Data provided Start Marker
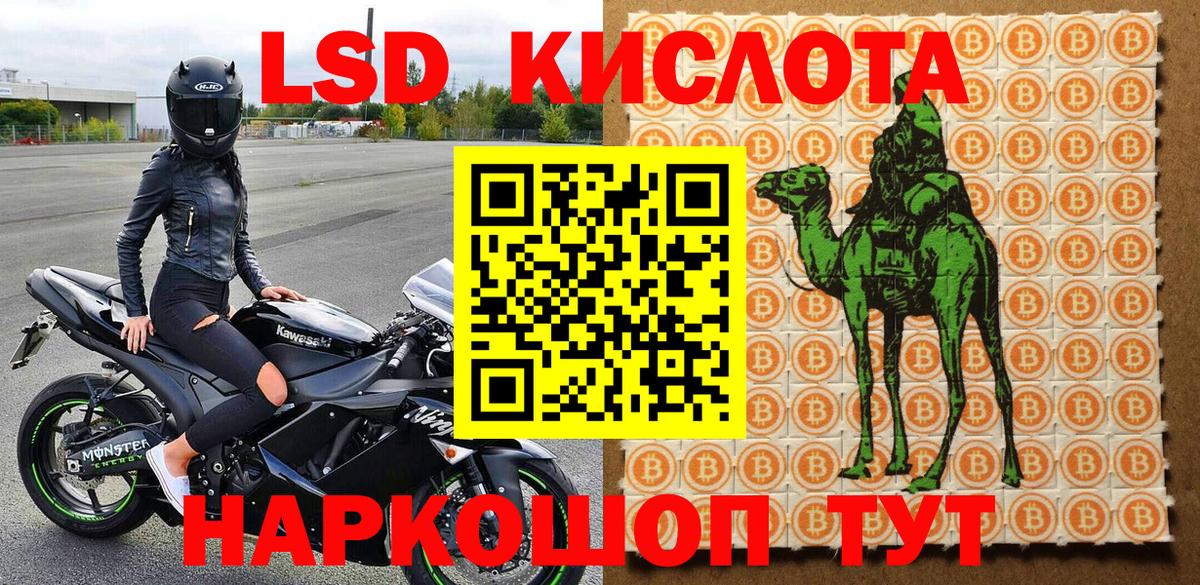 Марки N-bome 1,5мг  Вход с VPN  Красноярск 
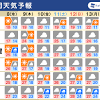 この先1週間の天気のポイントは「東日本や北日本はスッキリしない ...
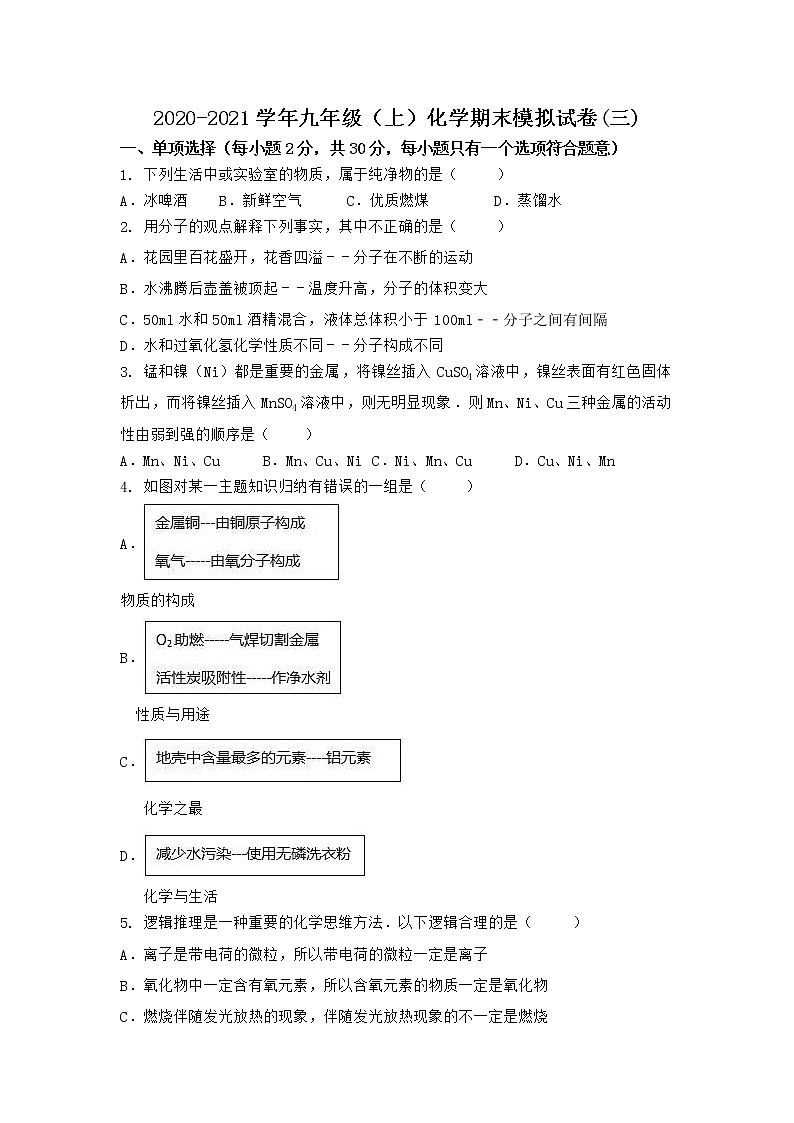 河南省信阳市罗山县2021-2022学年九年级上学期期末化学模拟题(三)（word版 含答案）第1页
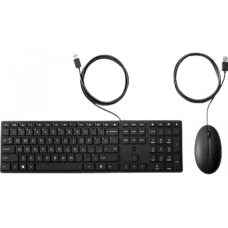 HP Wired Desktop 320MK Mouse and Keyboard G2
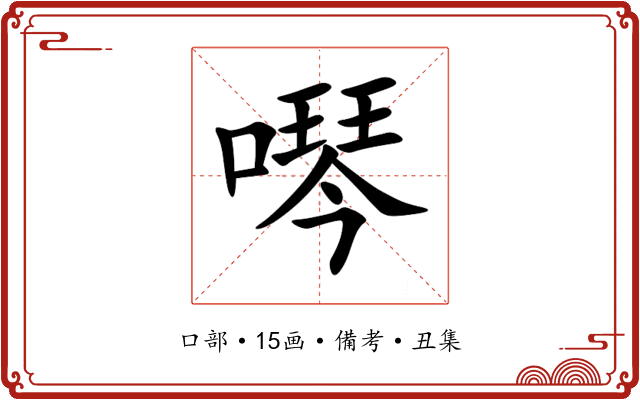 噖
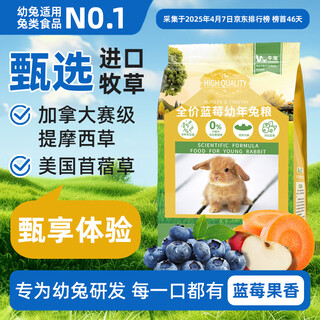 Cow pet full price blueberry baby rabbit food rabbit feed dwarf rabbit molar food lop-eared rabbit main food pet supplies 800g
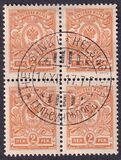 [Russian stamps, タイプ P]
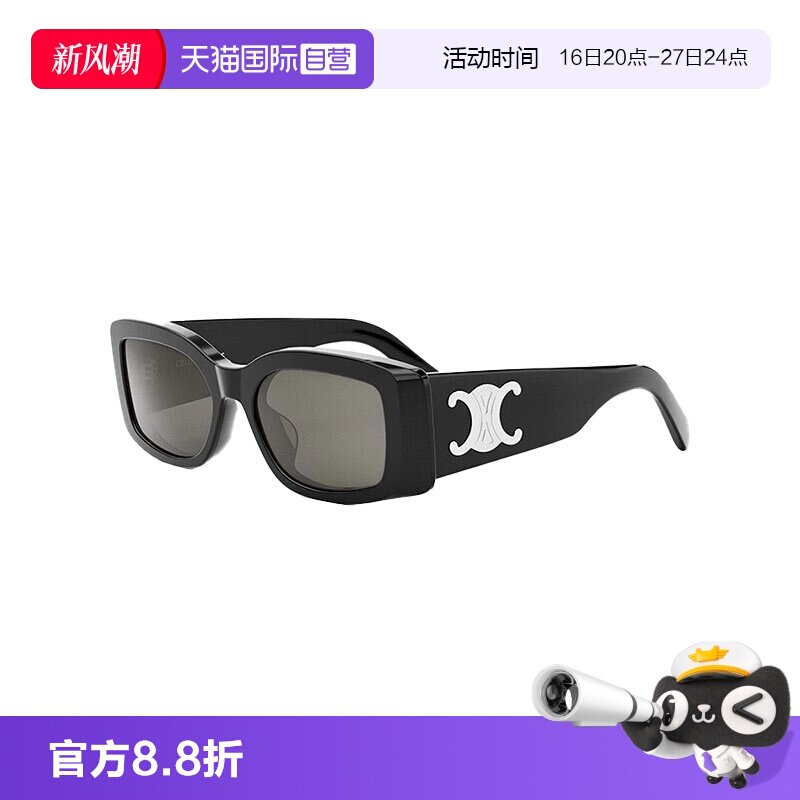 CELINE凯旋门太阳镜配手机包图片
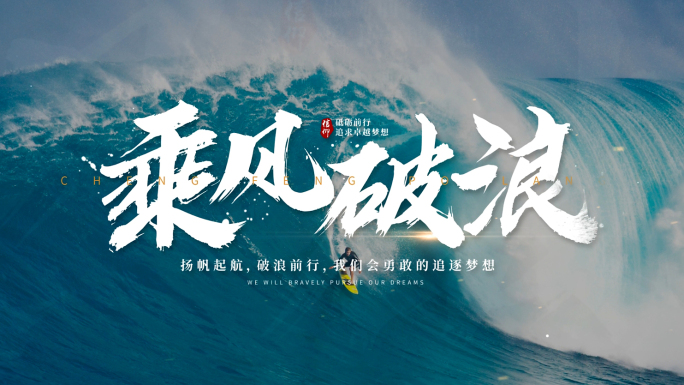 震撼标题字幕 水墨文字片头 2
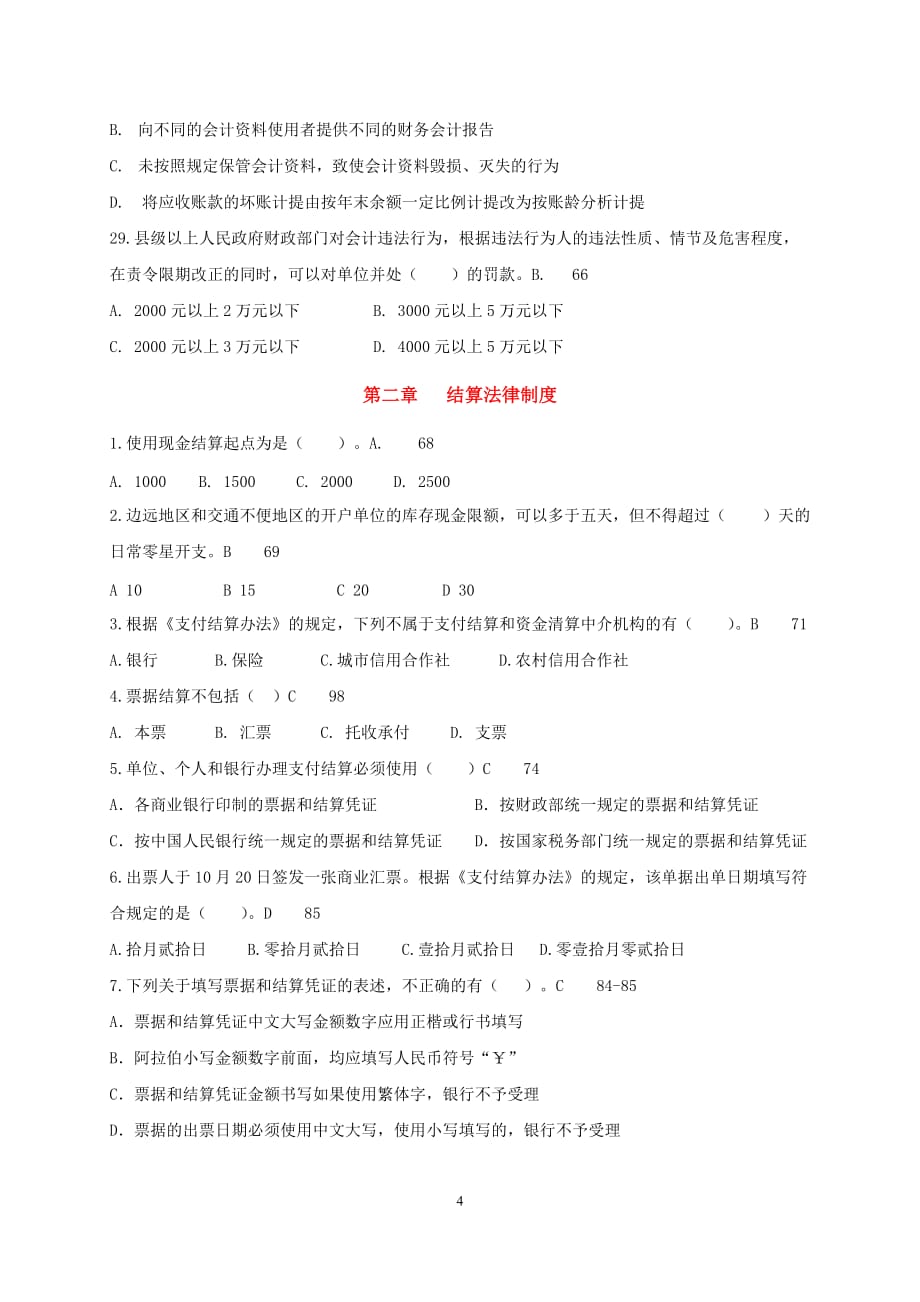 2019财会法规与职业道德练习一解析_第4页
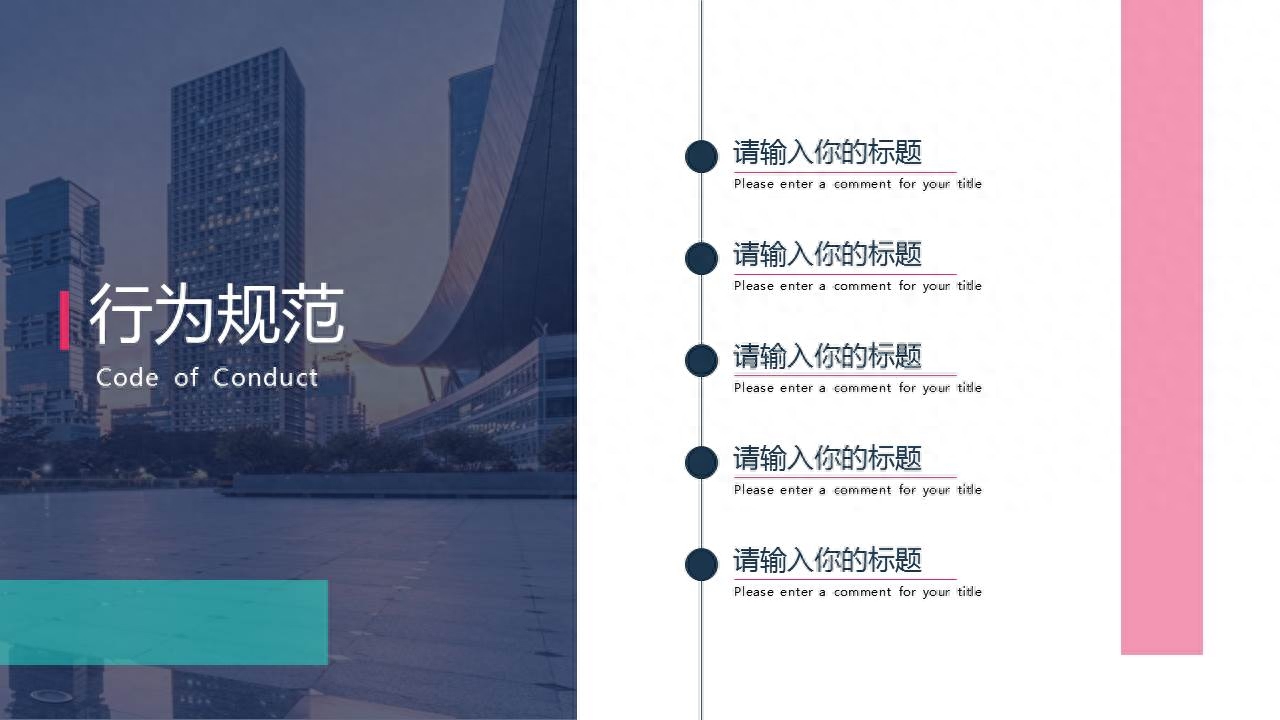 新员工入职培训ppt范本,员工培训内容的模板(图19) 新员工入职培训ppt范本,员工培训内容的模板(图19)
Data provided End Marker
(Exercise instructions) Everything from the line with "CELINE凯旋门太阳镜配手机包图片" through the final line of the material is to be returned exactly, both ends included, apart from the pictures.

(Exercise result)
 CELINE凯旋门太阳镜配手机包图片
 震撼标题字幕 水墨文字片头 2
 2019财会法规与职业道德练习一解析_第4页
 新员工入职培训ppt范本,员工培训内容的模板(图19) 新员工入职培训ppt范本,员工培训内容的模板(图19)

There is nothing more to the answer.